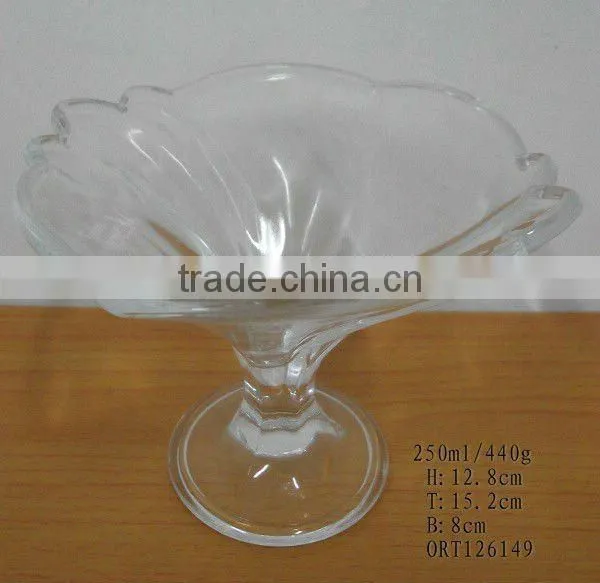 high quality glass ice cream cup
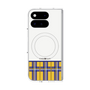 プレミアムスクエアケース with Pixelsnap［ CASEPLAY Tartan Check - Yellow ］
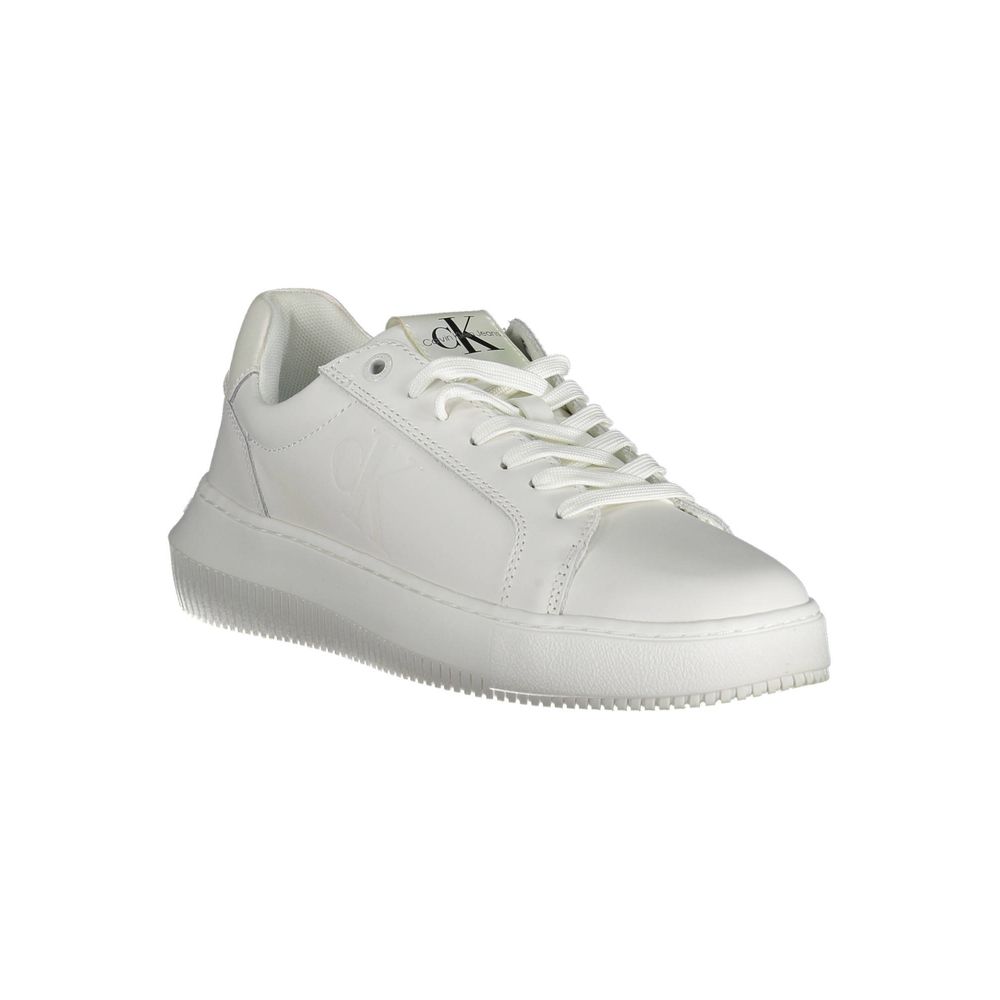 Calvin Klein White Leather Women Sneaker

What to work on: Retype all the data exactly; skip the pictures.

Solved problem:
 high quality glass ice cream cup
 プレミアムスクエアケース with Pixelsnap［ CASEPLAY Tartan Check - Yellow ］
 Calvin Klein White Leather Women Sneaker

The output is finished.